Reference no: EM132301697
Case Study - Partial Budgeting
Rhonda Rancher is currently running 230 stocker steers, which are purchased in the spring, run on pasture during the summer and sold in the fall. Rhonda is thinking about switching to a cow-calf operation with 100 beef cows replacing the 230 stocker steers. Use the following information to complete a partial budget so you can make a recommendation to Rhonda.
INFORMATION ON STOCKER STEERS (230 head)
Returns: 675 lb. steer @ $80.00/cwt. (Sell 226 head, assume 4 die)
Costs: 400 lb. steer @ $90.00/cwt.
Hauling expense: $7.00 per steer
Health expense: $12.00 per steer
Feed, salt and minerals: $9.50 per steer
Misc. expense: $4.00 per steer
Interest charge: should be charged on all costs for the 6 month period using a 8% opportunity cost.

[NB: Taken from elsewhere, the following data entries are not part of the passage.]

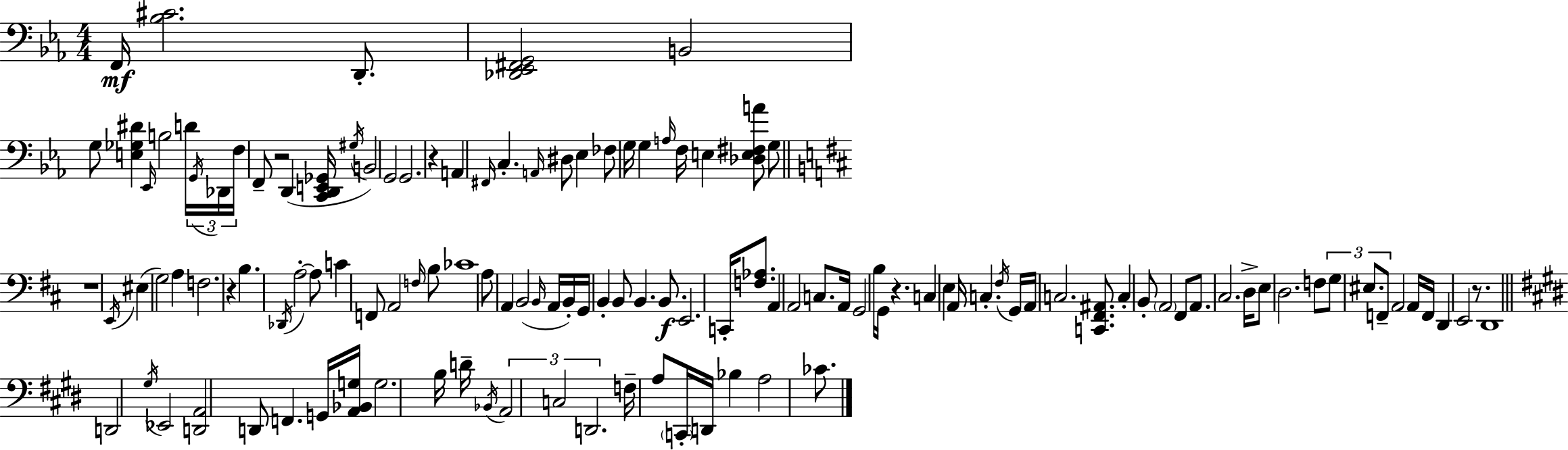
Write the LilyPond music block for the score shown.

{
  \clef bass
  \numericTimeSignature
  \time 4/4
  \key ees \major
  f,16\mf <bes cis'>2. d,8.-. | <des, ees, fis, g,>2 b,2 | g8 <e ges dis'>4 \grace { ees,16 } b2 d'16 | \tuplet 3/2 { \acciaccatura { g,16 } des,16 f16 } f,8-- r2 d,4( | \break <c, d, e, ges,>16 \acciaccatura { gis16 } b,2) g,2 | g,2. r4 | a,4 \grace { fis,16 } c4.-. \grace { a,16 } dis8 | ees4 fes8 g16 g4 \grace { a16 } f16 e4 | \break <des e fis a'>8 g8 \bar "||" \break \key b \minor r1 | \acciaccatura { e,16 }( eis4 g2) a4 | f2. r4 | b4. \acciaccatura { des,16 } a2-.~~ | \break a8 c'4 f,8 a,2 | \grace { f16 } b8 ces'1 | a8 a,4 b,2( | \grace { b,16 } a,16 b,16-.) g,16 b,4-. b,8 b,4. | \break b,8.\f e,2. | c,16-. <f aes>8. a,4 a,2 | c8. a,16 g,2 b16 g,16 r4. | c4 e4 a,16 c4.-. | \break \acciaccatura { fis16 } g,16 a,16 c2. | <c, fis, ais,>8. c4-. b,8-. \parenthesize a,2 | fis,8 a,8. cis2. | d16-> e8 d2. | \break f8 \tuplet 3/2 { g8 eis8. f,8-- } a,2 | a,16 f,16 d,4 e,2 | r8. d,1 | \bar "||" \break \key e \major d,2 \acciaccatura { gis16 } ees,2 | <d, a,>2 d,8 f,4. | g,16 <a, bes, g>16 g2. b16 | d'16-- \acciaccatura { bes,16 } \tuplet 3/2 { a,2 c2 | \break d,2. } f16-- a8 | \parenthesize c,16-. d,16 bes4 a2 ces'8. | \bar "|."
} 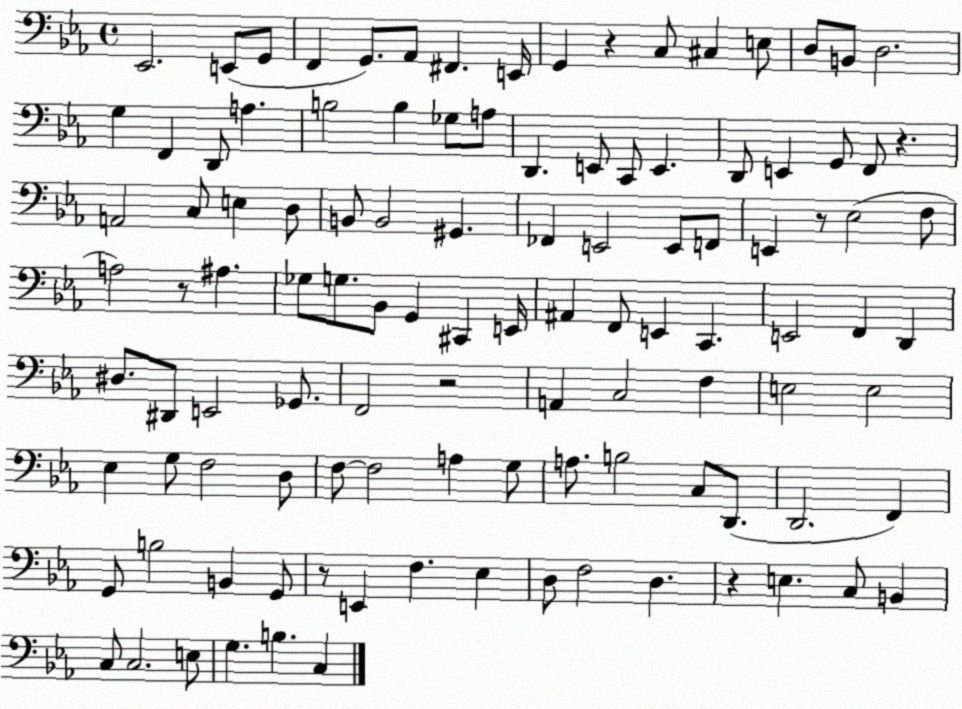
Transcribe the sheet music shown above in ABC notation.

X:1
T:Untitled
M:4/4
L:1/4
K:Eb
_E,,2 E,,/2 G,,/2 F,, G,,/2 _A,,/2 ^F,, E,,/4 G,, z C,/2 ^C, E,/2 D,/2 B,,/2 D,2 G, F,, D,,/2 A, B,2 B, _G,/2 A,/2 D,, E,,/2 C,,/2 E,, D,,/2 E,, G,,/2 F,,/2 z A,,2 C,/2 E, D,/2 B,,/2 B,,2 ^G,, _F,, E,,2 E,,/2 F,,/2 E,, z/2 _E,2 F,/2 A,2 z/2 ^A, _G,/2 G,/2 _B,,/2 G,, ^C,, E,,/4 ^A,, F,,/2 E,, C,, E,,2 F,, D,, ^D,/2 ^D,,/2 E,,2 _G,,/2 F,,2 z2 A,, C,2 F, E,2 E,2 _E, G,/2 F,2 D,/2 F,/2 F,2 A, G,/2 A,/2 B,2 C,/2 D,,/2 D,,2 F,, G,,/2 B,2 B,, G,,/2 z/2 E,, F, _E, D,/2 F,2 D, z E, C,/2 B,, C,/2 C,2 E,/2 G, B, C, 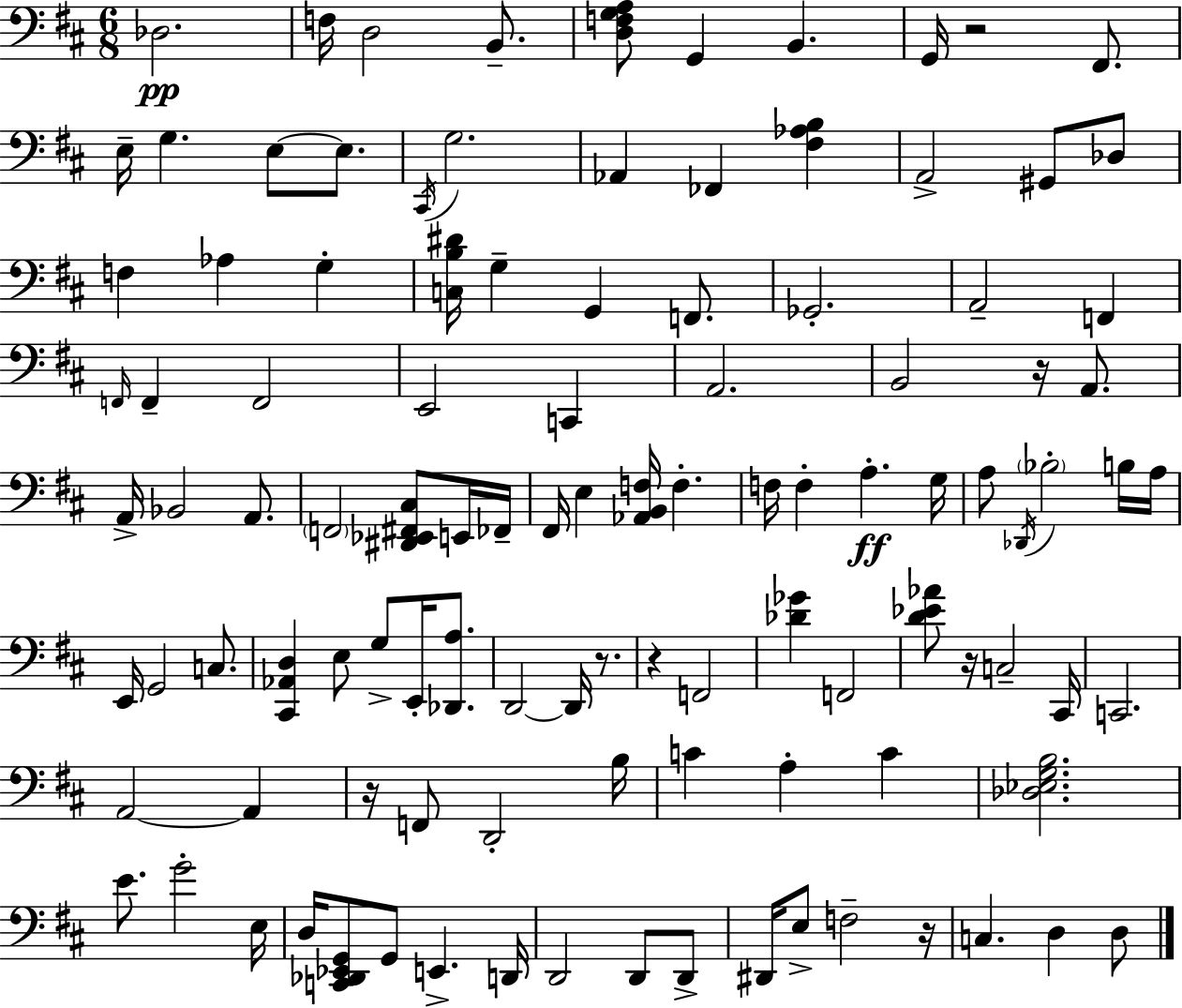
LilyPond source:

{
  \clef bass
  \numericTimeSignature
  \time 6/8
  \key d \major
  des2.\pp | f16 d2 b,8.-- | <d f g a>8 g,4 b,4. | g,16 r2 fis,8. | \break e16-- g4. e8~~ e8. | \acciaccatura { cis,16 } g2. | aes,4 fes,4 <fis aes b>4 | a,2-> gis,8 des8 | \break f4 aes4 g4-. | <c b dis'>16 g4-- g,4 f,8. | ges,2.-. | a,2-- f,4 | \break \grace { f,16 } f,4-- f,2 | e,2 c,4 | a,2. | b,2 r16 a,8. | \break a,16-> bes,2 a,8. | \parenthesize f,2 <dis, ees, fis, cis>8 | e,16 fes,16-- fis,16 e4 <aes, b, f>16 f4.-. | f16 f4-. a4.-.\ff | \break g16 a8 \acciaccatura { des,16 } \parenthesize bes2-. | b16 a16 e,16 g,2 | c8. <cis, aes, d>4 e8 g8-> e,16-. | <des, a>8. d,2~~ d,16 | \break r8. r4 f,2 | <des' ges'>4 f,2 | <d' ees' aes'>8 r16 c2-- | cis,16 c,2. | \break a,2~~ a,4 | r16 f,8 d,2-. | b16 c'4 a4-. c'4 | <des ees g b>2. | \break e'8. g'2-. | e16 d16 <c, des, ees, g,>8 g,8 e,4.-> | d,16 d,2 d,8 | d,8-> dis,16 e8-> f2-- | \break r16 c4. d4 | d8 \bar "|."
} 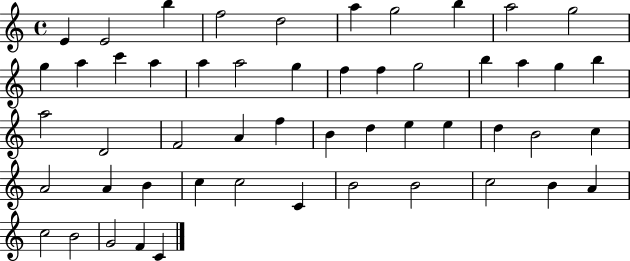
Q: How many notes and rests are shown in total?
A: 52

BEEF COW-CALF INFORMATION (100 head)
Investment in cows, bulls and replacement herd averages $900 per cow. The calf crop is 92% (92 calves are weaned) and 12 heifer calves are kept for replacements.
Returns: 80 calves weighing 460 lbs., $85.00 per cwt.
12 cull cows weighing 1,050 lbs. @ $50.00 per cwt.
Costs:
Hauling expense: 92 head @ $6.00/head
Health expense: 100 cows @ $8.00 cow
Purchased feed: 100 cows @ $14.00/cow
Hay expense 100 cows @ $18.00/cow
Bull cost: 100 cows @ $6.00/cow
Misc. expense: 100 cows @ $5.00/cow
Interest charge: 1) figure on the total investment in the herd at 8% for a full year (Cows are owned all year.) and 2) the total of all other costs at 8% for 6 months.
1. Would you recommend Rhonda make the switch to a cow-calf operation? WHY?
2. No depreciation on fences, working pens, water facilities, etc. was included in this partial budget. Why?
3. If all other values are held constant, what would the selling price of stockers have to be to make this a breakeven decision (i.e., a $0 change in profit)?